▶ SUPPLIED MATERIAL:
┌──

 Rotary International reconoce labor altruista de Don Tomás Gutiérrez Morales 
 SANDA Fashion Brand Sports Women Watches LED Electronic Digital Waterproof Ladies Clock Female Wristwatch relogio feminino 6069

└──
┌──

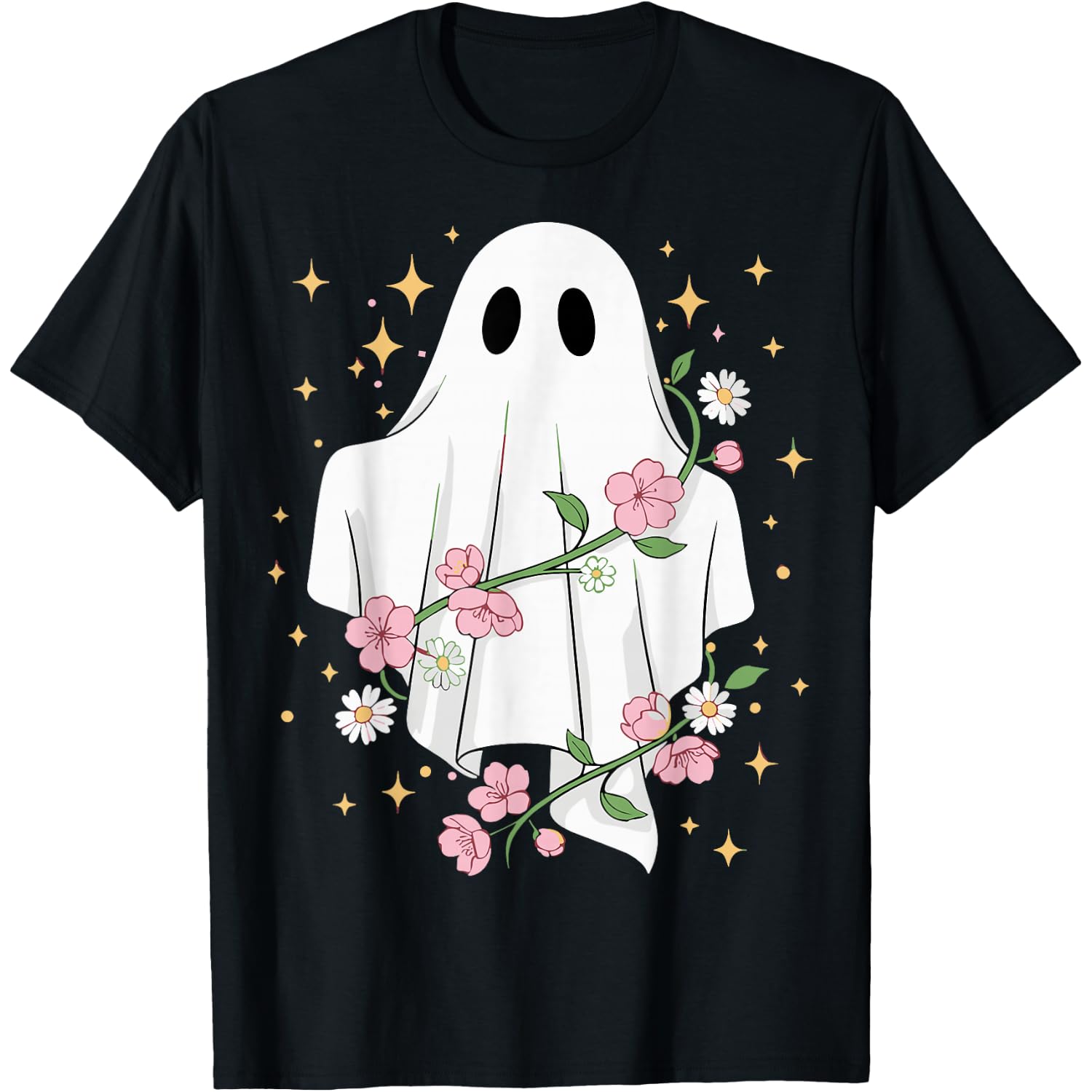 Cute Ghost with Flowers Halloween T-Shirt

└──
┌──

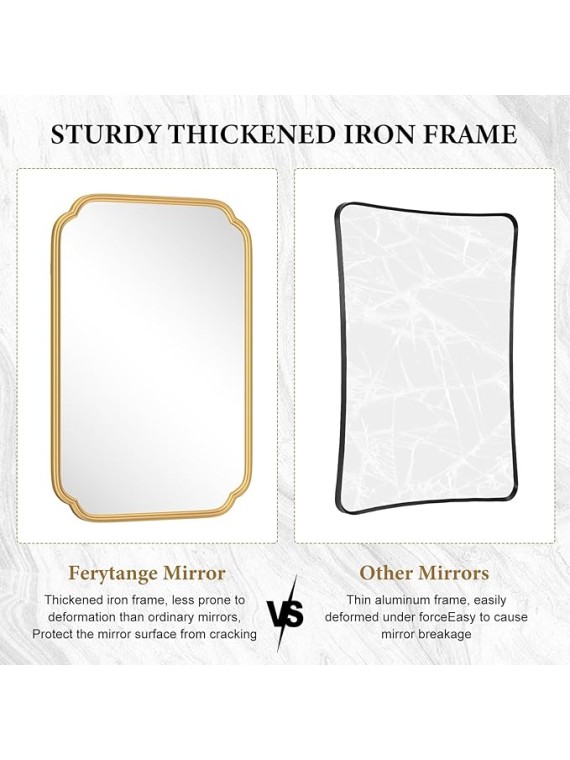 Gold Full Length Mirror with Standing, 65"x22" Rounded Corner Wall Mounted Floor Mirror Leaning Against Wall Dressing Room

└──

▶ ASSIGNED TASK: Only the lines above from the one with "Rotary International reconoce" through the one with "SANDA Fashion Brand" should be duplicated, character for character.

▶ SOLUTION TO THIS EXERCISE:
 Rotary International reconoce labor altruista de Don Tomás Gutiérrez Morales 
 SANDA Fashion Brand Sports Women Watches LED Electronic Digital Waterproof Ladies Clock Female Wristwatch relogio feminino 6069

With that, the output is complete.